== DATA FOR ANALYSIS ==

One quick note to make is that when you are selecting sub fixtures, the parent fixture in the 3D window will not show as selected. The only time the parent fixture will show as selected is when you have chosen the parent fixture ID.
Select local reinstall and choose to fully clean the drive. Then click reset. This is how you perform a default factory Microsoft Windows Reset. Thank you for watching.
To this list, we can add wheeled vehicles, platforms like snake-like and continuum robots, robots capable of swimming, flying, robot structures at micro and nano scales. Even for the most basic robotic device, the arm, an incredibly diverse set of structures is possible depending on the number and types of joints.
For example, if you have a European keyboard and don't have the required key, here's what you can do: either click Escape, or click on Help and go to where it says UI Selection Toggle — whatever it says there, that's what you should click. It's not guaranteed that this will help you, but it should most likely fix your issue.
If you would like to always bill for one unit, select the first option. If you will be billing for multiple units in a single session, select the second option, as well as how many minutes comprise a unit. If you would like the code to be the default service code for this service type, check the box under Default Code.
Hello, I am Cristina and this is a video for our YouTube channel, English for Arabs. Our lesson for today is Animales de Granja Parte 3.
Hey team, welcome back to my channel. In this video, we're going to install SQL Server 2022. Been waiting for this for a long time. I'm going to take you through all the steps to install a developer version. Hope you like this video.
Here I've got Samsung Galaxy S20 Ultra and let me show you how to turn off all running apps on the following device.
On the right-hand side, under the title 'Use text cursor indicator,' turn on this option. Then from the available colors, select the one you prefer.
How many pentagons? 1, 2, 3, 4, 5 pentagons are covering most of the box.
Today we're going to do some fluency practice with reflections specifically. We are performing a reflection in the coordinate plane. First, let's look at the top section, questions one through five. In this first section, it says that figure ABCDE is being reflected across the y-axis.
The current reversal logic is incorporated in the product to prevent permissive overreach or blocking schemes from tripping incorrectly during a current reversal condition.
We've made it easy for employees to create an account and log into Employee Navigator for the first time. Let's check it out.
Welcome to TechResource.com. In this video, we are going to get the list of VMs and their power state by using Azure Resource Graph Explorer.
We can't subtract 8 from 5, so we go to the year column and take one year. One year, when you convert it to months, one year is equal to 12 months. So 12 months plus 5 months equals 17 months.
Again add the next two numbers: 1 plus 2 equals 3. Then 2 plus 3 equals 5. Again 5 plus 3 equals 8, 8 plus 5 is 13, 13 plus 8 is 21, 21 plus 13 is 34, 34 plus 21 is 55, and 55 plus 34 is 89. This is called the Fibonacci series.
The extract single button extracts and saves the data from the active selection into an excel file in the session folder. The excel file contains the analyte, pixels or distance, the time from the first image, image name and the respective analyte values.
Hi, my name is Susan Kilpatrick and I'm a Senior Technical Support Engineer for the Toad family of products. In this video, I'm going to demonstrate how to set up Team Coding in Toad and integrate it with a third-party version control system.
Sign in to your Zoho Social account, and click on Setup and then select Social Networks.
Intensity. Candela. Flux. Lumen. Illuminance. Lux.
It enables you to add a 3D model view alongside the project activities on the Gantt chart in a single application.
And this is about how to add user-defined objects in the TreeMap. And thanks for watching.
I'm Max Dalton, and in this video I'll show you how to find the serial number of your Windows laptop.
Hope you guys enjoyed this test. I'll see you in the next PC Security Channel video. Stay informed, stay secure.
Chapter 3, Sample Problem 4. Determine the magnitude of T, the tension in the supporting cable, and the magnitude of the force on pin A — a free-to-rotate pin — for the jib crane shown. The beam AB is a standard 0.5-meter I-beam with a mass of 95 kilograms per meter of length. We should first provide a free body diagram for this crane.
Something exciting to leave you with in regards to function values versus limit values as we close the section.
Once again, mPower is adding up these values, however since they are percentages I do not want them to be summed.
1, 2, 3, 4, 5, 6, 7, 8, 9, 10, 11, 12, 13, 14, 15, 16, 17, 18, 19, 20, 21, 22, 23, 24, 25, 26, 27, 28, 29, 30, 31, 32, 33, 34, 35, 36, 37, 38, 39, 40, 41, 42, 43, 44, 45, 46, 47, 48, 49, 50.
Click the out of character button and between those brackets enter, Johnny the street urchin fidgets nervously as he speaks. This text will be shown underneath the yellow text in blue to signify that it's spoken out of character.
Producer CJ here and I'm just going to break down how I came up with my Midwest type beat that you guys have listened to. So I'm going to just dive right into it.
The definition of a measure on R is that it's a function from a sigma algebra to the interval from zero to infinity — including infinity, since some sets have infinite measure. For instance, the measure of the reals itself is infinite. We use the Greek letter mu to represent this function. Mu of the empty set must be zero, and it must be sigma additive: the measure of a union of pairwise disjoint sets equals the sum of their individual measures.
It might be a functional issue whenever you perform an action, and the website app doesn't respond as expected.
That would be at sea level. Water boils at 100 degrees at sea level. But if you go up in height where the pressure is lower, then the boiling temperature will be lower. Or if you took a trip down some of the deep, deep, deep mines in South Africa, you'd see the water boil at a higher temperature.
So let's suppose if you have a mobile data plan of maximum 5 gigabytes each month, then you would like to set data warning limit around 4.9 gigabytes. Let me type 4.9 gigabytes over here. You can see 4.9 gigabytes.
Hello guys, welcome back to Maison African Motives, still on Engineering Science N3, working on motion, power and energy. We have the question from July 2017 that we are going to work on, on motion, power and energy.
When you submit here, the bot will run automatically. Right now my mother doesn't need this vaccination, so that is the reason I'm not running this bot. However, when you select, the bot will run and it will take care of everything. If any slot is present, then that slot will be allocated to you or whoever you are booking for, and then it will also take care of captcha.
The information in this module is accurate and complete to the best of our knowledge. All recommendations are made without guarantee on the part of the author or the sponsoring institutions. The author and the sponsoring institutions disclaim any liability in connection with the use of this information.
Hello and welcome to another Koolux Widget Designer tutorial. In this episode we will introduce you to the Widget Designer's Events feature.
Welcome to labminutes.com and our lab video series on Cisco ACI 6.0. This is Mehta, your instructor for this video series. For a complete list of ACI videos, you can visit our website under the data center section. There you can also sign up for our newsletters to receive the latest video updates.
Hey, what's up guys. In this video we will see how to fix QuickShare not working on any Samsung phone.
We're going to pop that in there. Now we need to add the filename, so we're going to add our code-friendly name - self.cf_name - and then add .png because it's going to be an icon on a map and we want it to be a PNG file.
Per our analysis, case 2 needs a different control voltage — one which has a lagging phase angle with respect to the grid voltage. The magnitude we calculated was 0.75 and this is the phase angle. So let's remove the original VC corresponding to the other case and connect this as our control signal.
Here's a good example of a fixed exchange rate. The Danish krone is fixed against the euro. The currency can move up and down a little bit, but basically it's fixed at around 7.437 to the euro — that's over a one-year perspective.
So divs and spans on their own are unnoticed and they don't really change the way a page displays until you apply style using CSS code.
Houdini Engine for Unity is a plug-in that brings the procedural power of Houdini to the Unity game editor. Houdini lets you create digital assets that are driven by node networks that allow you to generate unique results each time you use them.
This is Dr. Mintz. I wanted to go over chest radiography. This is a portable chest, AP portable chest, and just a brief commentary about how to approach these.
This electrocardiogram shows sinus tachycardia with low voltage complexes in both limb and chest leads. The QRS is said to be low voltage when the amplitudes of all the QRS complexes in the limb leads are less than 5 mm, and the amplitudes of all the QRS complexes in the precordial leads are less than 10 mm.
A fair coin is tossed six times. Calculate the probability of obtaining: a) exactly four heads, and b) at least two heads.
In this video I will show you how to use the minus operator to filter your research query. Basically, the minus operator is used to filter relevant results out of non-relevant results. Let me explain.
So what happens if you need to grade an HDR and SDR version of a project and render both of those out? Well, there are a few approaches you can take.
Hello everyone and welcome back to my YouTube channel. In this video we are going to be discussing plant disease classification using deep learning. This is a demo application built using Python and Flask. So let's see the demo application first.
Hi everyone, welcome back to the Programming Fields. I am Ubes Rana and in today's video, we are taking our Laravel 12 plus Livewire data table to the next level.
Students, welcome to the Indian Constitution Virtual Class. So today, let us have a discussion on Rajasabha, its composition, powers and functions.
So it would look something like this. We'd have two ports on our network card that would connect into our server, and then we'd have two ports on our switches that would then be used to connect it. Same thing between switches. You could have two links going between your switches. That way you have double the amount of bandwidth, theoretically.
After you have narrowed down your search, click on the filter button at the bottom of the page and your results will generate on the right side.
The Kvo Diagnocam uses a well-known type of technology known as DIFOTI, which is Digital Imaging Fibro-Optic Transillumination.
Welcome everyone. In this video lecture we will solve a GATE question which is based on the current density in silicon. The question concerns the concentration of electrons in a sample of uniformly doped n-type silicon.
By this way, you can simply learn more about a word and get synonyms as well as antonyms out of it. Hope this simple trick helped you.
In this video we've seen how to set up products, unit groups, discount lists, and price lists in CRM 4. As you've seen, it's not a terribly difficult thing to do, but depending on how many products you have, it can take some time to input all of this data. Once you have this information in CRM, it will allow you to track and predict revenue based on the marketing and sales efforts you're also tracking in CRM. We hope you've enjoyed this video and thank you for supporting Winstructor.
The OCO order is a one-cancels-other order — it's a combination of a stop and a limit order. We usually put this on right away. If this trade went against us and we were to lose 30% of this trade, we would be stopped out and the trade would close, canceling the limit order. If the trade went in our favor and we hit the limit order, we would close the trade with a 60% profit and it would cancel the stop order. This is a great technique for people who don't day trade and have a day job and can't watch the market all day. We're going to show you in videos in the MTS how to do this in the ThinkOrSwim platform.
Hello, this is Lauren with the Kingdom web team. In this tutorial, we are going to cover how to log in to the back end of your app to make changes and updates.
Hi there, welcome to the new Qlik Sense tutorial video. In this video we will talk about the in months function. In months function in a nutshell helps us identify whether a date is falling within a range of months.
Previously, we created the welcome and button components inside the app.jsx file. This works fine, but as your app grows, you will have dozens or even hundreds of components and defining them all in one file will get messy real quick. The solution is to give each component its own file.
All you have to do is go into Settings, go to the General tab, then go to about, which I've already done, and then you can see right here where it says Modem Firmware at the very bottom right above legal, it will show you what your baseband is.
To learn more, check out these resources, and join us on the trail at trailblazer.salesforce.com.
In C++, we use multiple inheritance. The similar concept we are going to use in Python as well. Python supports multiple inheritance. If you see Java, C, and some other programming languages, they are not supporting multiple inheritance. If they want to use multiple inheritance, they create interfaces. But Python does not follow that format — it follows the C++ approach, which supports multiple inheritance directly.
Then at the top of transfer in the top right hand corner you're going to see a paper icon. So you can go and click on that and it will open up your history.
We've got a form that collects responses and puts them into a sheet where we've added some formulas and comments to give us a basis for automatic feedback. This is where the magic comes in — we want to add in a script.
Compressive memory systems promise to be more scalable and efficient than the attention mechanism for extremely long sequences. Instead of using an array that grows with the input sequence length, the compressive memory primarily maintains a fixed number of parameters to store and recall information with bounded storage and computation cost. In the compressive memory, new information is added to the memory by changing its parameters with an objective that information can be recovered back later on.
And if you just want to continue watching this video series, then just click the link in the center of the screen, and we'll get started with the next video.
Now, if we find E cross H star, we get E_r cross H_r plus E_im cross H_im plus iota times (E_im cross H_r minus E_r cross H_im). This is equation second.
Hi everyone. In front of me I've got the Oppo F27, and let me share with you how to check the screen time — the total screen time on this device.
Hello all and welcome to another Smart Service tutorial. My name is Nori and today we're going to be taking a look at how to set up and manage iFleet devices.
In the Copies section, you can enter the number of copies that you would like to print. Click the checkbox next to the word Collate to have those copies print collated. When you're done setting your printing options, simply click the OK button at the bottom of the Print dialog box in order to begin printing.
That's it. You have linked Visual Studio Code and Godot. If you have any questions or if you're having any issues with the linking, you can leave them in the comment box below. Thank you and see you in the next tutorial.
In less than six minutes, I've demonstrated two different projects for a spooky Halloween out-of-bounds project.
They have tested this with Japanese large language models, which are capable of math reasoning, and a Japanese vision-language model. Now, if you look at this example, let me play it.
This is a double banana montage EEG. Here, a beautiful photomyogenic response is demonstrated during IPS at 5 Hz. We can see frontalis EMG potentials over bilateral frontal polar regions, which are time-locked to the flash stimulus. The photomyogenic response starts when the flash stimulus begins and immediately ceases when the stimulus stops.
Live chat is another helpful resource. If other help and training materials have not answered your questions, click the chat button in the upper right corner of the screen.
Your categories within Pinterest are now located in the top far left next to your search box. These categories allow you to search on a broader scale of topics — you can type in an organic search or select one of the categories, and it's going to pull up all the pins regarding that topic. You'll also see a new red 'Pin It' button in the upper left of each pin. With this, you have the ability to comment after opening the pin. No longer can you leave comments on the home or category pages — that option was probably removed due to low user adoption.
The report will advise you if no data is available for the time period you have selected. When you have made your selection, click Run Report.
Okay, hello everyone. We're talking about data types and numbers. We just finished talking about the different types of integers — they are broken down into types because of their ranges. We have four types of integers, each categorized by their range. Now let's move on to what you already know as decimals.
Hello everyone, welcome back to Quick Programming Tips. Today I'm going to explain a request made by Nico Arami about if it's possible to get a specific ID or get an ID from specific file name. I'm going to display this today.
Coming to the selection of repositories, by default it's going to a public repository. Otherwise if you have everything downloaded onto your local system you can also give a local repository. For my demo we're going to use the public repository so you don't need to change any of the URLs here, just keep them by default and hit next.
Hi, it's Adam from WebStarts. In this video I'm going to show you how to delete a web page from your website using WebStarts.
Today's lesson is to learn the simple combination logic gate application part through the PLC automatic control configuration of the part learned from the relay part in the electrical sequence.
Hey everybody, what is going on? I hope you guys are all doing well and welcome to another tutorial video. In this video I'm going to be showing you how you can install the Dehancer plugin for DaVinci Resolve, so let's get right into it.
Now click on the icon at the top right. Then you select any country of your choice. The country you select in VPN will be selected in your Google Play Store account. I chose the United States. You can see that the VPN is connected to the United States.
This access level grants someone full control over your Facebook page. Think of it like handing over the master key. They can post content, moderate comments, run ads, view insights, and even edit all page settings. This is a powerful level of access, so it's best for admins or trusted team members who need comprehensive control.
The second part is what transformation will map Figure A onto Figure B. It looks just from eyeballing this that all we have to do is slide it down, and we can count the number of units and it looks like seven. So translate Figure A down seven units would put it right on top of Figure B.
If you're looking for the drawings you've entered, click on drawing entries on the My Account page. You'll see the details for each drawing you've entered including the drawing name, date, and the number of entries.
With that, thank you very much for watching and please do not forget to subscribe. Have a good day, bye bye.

===

◆ REQUIREMENT
From the entries above, extract only the lines running from the one containing "Hello all and" through the one containing "That's it. You", inclusive.

◆ RESULT
Hello all and welcome to another Smart Service tutorial. My name is Nori and today we're going to be taking a look at how to set up and manage iFleet devices.
In the Copies section, you can enter the number of copies that you would like to print. Click the checkbox next to the word Collate to have those copies print collated. When you're done setting your printing options, simply click the OK button at the bottom of the Print dialog box in order to begin printing.
That's it. You have linked Visual Studio Code and Godot. If you have any questions or if you're having any issues with the linking, you can leave them in the comment box below. Thank you and see you in the next tutorial.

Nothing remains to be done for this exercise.